A lot of band posters and vinyls were covering the walls but the only poster that is still standing in my grandma’s basement is Brian Jones’ – the first pillar of this incredible band that continues to impress me after all this years. I saw The Rolling Stones in show in Montreal two years ago and had a warm thought for my uncle who transmitted his passion for rock‘n’roll to me.

Tom Genower is senior art director at Brave, the agency behind the cover of Pink Floyd’s The Endless River.
The album artwork of 1968’s Beggars Banquet stands out because it’s an album with two strikingly different covers: the first a filthy, graffitied hell hole of a toilet above a car workshop on Hollywood Boulevard and the second a simple white cover opening to a glorious gatefold panorama of Renaissance opulence.
Imagine the scene as Jagger and Richards, dressed in velvet suits and Italian shoes, standing in two inches of stinky brown poo water, pens in hand, scrawl out the sleeve notes (‘Wot no paper!’) on that dirty wall. The album reflected a return to a more raw and powerful rock’n’roll, and a move away from their less convincing experiments with psychedelia. It was a statement of intent.
Yet they wrecked their shoes for nothing. Decca refused to release the album with this artwork, and while the band argued their case, the record was delayed by six months.
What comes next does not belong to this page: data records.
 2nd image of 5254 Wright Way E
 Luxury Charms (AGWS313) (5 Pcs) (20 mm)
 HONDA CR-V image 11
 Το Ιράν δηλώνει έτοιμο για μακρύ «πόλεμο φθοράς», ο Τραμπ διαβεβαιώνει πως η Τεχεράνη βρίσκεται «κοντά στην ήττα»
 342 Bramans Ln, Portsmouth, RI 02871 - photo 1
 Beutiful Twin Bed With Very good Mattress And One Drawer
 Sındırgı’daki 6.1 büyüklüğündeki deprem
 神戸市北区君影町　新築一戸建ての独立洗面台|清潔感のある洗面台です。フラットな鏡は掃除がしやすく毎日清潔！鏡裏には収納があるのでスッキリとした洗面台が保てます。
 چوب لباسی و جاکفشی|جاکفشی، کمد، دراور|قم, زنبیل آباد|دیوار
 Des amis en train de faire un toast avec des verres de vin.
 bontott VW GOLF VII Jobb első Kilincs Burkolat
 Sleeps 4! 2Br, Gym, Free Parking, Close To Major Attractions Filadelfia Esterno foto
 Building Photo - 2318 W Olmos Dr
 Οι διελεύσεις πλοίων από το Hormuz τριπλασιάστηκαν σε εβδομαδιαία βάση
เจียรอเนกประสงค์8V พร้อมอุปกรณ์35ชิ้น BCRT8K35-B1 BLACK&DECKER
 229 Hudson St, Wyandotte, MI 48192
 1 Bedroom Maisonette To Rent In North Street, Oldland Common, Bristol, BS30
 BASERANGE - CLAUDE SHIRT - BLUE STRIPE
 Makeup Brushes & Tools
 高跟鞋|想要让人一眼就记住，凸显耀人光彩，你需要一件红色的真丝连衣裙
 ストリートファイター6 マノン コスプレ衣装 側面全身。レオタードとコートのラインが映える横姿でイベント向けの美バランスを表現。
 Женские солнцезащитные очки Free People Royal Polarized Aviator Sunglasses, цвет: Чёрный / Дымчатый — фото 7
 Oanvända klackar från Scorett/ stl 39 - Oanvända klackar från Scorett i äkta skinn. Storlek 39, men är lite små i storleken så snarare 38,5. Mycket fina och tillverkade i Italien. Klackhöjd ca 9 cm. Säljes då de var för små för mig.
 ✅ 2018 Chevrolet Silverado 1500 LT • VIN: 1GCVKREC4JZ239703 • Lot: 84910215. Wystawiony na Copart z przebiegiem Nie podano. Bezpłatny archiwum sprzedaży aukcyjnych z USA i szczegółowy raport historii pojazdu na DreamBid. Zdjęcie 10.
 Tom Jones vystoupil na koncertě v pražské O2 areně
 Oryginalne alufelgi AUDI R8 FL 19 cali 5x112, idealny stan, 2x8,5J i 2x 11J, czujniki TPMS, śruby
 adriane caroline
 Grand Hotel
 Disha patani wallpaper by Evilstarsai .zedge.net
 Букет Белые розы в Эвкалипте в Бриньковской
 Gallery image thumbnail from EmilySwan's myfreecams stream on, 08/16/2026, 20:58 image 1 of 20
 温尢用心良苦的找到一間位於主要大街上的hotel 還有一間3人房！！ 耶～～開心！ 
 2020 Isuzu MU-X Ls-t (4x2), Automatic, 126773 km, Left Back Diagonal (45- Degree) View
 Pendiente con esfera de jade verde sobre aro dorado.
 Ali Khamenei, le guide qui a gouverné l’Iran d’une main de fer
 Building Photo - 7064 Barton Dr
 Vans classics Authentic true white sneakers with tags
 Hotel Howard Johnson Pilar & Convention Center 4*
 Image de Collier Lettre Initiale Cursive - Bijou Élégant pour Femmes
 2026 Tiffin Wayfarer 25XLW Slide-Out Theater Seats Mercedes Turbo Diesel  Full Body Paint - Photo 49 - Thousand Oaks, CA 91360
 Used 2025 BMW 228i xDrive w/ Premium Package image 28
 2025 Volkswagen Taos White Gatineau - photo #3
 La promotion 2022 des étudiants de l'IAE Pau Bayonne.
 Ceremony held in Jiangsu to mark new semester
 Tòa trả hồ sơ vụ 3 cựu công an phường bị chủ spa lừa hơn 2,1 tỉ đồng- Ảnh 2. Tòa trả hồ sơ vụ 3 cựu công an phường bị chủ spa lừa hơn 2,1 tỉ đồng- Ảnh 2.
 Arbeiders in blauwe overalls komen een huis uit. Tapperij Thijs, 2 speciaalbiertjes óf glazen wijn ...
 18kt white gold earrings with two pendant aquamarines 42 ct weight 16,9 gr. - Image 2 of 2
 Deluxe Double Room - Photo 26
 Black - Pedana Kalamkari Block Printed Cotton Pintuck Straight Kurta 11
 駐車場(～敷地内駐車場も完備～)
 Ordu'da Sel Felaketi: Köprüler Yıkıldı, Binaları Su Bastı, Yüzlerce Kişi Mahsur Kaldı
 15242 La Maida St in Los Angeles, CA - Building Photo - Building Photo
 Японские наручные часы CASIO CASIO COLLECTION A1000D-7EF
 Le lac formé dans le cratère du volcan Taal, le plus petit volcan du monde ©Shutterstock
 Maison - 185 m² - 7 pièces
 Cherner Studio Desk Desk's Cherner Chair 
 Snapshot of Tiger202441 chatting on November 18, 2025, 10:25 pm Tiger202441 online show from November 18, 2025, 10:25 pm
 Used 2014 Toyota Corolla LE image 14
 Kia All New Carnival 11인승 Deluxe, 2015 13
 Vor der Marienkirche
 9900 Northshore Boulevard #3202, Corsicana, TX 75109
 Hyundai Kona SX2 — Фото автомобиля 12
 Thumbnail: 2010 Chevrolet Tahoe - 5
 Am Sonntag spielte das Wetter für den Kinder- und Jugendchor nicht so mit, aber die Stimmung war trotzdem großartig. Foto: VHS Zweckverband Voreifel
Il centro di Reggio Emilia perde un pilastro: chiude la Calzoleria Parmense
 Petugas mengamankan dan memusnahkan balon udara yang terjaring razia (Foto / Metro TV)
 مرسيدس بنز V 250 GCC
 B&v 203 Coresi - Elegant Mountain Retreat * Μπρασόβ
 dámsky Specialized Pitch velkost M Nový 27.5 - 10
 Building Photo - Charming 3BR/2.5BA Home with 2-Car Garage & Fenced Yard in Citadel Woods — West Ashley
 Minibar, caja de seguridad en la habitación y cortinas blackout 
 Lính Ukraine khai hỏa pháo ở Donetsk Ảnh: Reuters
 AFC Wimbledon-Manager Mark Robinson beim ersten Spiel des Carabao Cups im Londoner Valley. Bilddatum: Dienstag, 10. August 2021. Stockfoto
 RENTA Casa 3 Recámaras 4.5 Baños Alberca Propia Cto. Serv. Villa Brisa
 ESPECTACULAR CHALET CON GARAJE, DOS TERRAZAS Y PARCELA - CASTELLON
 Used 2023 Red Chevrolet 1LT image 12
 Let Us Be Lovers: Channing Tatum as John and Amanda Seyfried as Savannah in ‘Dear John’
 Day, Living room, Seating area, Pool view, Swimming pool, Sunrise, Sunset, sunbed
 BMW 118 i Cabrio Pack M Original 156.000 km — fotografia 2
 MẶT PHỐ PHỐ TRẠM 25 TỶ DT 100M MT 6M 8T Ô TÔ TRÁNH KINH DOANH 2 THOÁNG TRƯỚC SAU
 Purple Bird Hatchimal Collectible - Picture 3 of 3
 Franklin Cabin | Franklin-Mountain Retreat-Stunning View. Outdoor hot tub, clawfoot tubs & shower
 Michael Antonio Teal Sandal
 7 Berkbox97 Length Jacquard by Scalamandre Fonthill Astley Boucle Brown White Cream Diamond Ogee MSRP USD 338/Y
For me, the idea that a band as big as The Stones at the height of its powers still had to bend to the will of their label is fascinating.
Michael Josephs’s photography on the finally approved album is the opposite of the proposed toilet cover. The inner gatefold has the feel of a Caravaggio painting, composed, propped and lit beautifully, ripe for fans to read meanings into the objects strewn over the banqueting table. The image is more contrived, grandiose and at odds with the sound of the record, yet it draws you in and the composition leads your eye around the ensuing decadence.
Beggars Banquet shows how the Stones were open to using a wide pool of talent – in both photography and design. They championed and understood the power of visual communication, and even their ‘plan B’ album artwork – essentially a compromise – is still a thing of beauty.